Yang keempat, Rusia memiliki senjata nuklir terbesar di dunia dan Ukraina tidak. Jelas Ukraina tidak mungkin menang. Saat ini, Rusia sedang dalam proses melakukan perubahan atas doktrin nuklirnya yang akan melonggarkan penggunaan senjata nuklir, bila diperlukan. Kelima, Rusia dibantu oleh China, faktor yang tidak diduga sebelumnya. Kunjungan Jake Sullivan (penasihat militer nasional AS) datang ke China (29 Agustus 2024) untuk mengancam China agar tidak membantu Rusia, ditolak mentah-mentah oleh China. Pemerintahan AS saat ini – (Biden dan Kamala), sedang perlu berita bagus dari perang Ukraina-Rusia untuk memenangkan Pemilu AS November nanti. Buat China urusan Rusia dengan Ukraina itu sama dengan urusannya dengan Taiwan/Filipina yang selalu diganggu AS. Jadi tidak ada alasan yang kuat untuk membantu AS yang sudah menyulitkan China dengan sanksi-sanksi ekonominya.

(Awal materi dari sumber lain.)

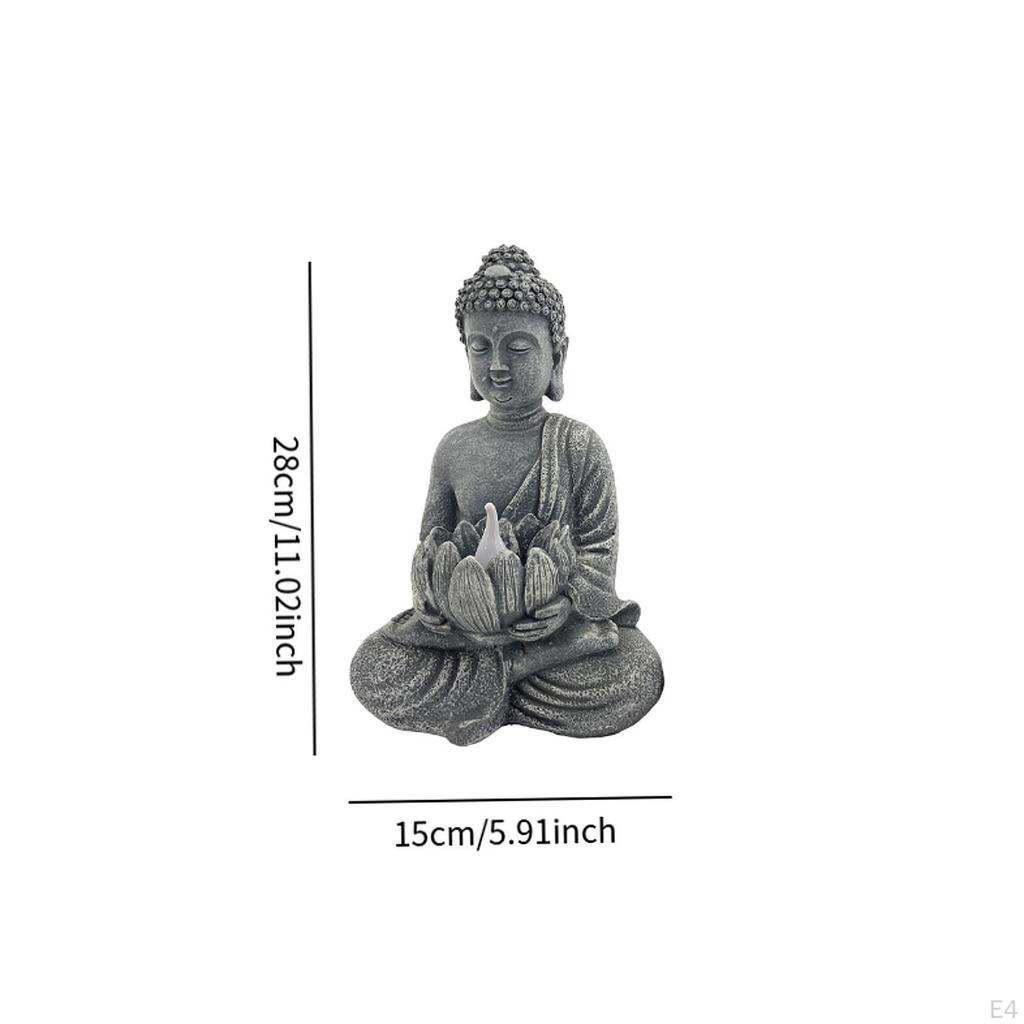 Скульптура Будды с солнечным светом для украшения сада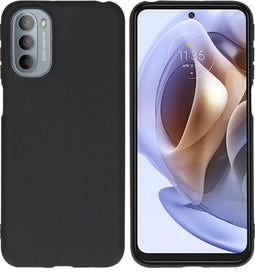 iMoshion Hoesje Geschikt voor Motorola Moto G41 / Moto G31 Hoesje Siliconen - iMoshion Color Backcover - Zwart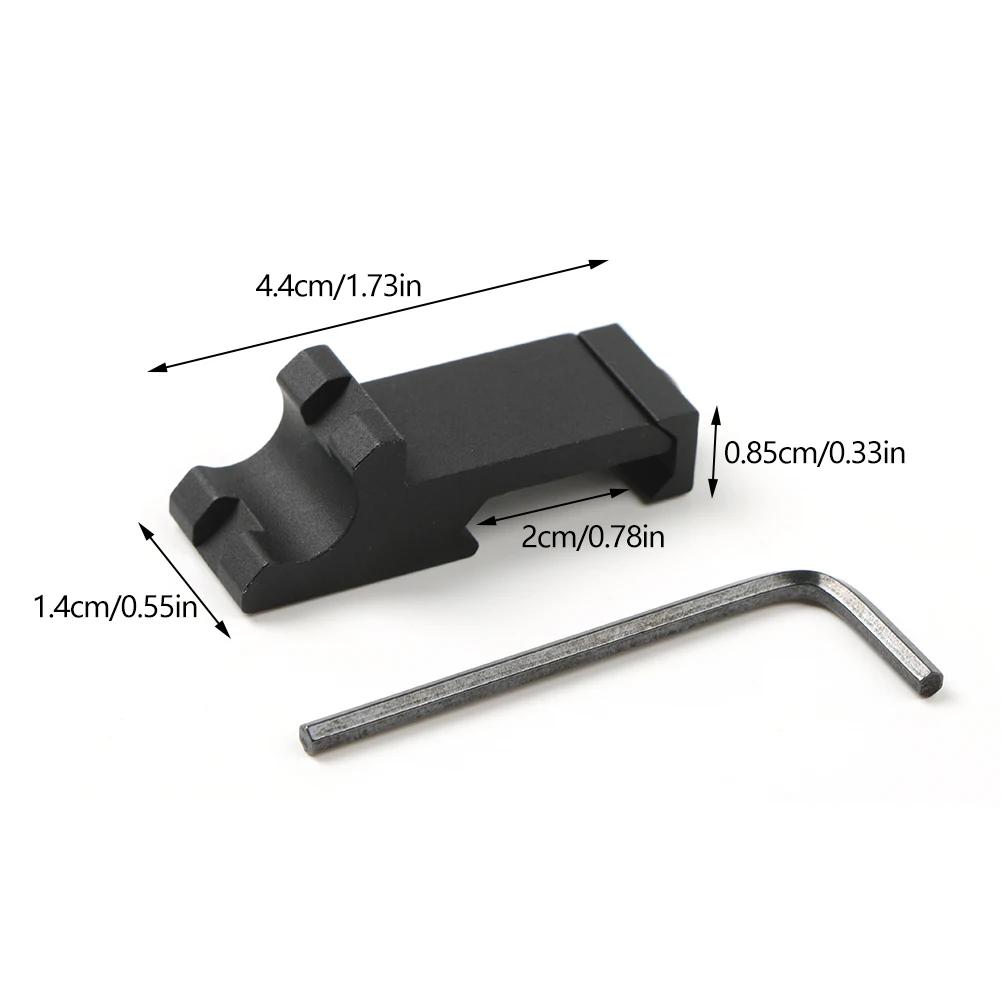 Adaptateur latéral 45 degrés rail Picatinny 20mm montage lampe laser lunette fusil chasse accessoire tactique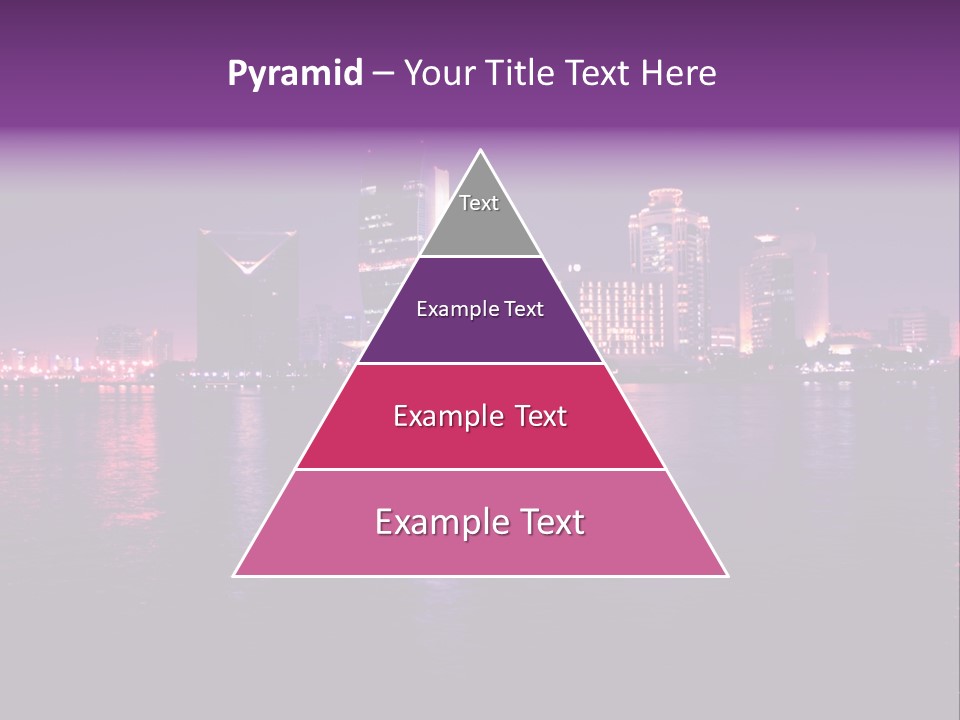 City Lights Sky Water PowerPoint Template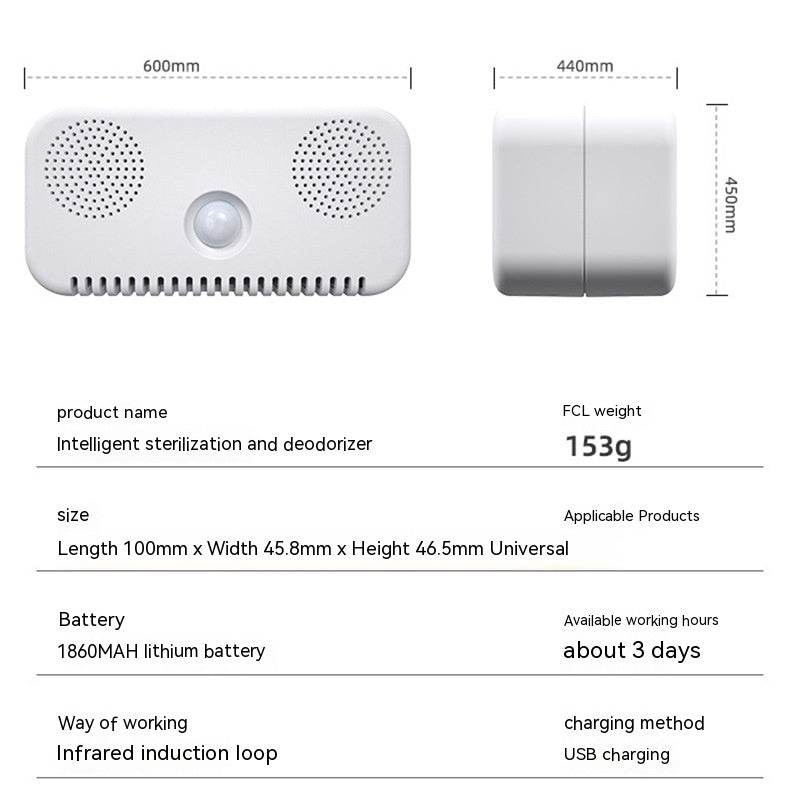 Smart Cat Litter Box Pet Deodorizer Pet Air Purifier - EX-STOCK Canada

Saya melihat Zelensky adalah pemimpin yang egoistik dan tidak berpihak pada rakyatnya. Beberapa hal yang saya amati:
Pada saat tahu bahwa Ukraina tidak bisa menang melawan Rusia, Zelensky seharusnya mementingkan rakyatnya dibanding ambisi pribadinya untuk tidak memulai perang yang tidak mungkin dimenangkan. Atau menghentikan perang dan memulai perdamaian saat mulai sadar, dari pada menambah beban rakyat dan mengorban rakyat Ukraina yang produktif (muda) harus mati di medan perang. Namun Zelensky lebih memilih menjadi selebritas di setiap pertemuan G8, G20, atau forum-forum internasional lainnya.

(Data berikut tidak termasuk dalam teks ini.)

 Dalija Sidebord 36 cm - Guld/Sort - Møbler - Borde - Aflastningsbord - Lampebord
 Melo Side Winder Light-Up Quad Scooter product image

Zelensky menunda Pemilu Ukraina yang seharusnya dilakukan pada bulan Maret/April 2024 dengan alasan darurat perang. Padahal ini saat yang tepat untuk melihat legitimasinya apakah masih didukung oleh rakyat atau tidak. Kita tahu bagaimana militer Ukraina menangkap dengan paksa anak-anak muda untuk ikut perang, jelas adalah contoh kediktatoran. Anak muda tidak mau perang karena sebagian tahu, Ukraina tidak mungkin menang perang. Untuk itu, seharusnya, Zelensky perlu legitimasi dari rakyatnya untuk melanjutkan pemerintahannya dan perangnya atau tidak. Setelah serangan ke “Kursk” dipukul mundur oleh Rusia, beberapa menteri senior di kabinet Zelensky mundur. Jelas ini bukan pertanda yang baik. Legitimasi dari pendukung dekatnya semakin berkurang
Setiap $ bantuan militer untuk Ukraina adalah hutang rakyat Ukraina. Artinya setiap peluru yang dilepaskan di medan perang, maka anak cucu rakyat Ukraina akan ikut membayar hutang ini. Sampai April 2024, hutang Ukraina adalah US$ 152 milyar dollar (Reuters). 70%nya adalah hutang luar negeri. Sebelum perang (2021), rasio hutang ukraina vs GDP adalah 48%. Diakhir 2024 diperkirakan naik menjadi 94%. Sebagai perbandingan, rasio hutang dan GDP Indonesia adalah sekitar 39%. Artinya, perang telah menjadikan hutang rakyat Ukraina naik 2 kali lipat.
Saat ini perang belum selesai, artinya hutang akan bertambah terus. Dan ini bukan hutang yang produktif yang akan menghasilkan barang dan jasa, tapi hutang hanya untuk membela harga diri pribadi egoistik. Tahukah Anda, siapa yang melakukan restrukturisasi hutang lama Ukraina? Rothschild (Reuters) dan Blackrock (Le Monde, France), lembaga yang tidak asing, dikenal sebagai pemasok dana utama industri militer AS. Mereka untung dari menjual senjata dan untung juga dari meminjamkan hutang ke rakyat Ukraina. Siapa yang buntung? Rakyat Ukraina.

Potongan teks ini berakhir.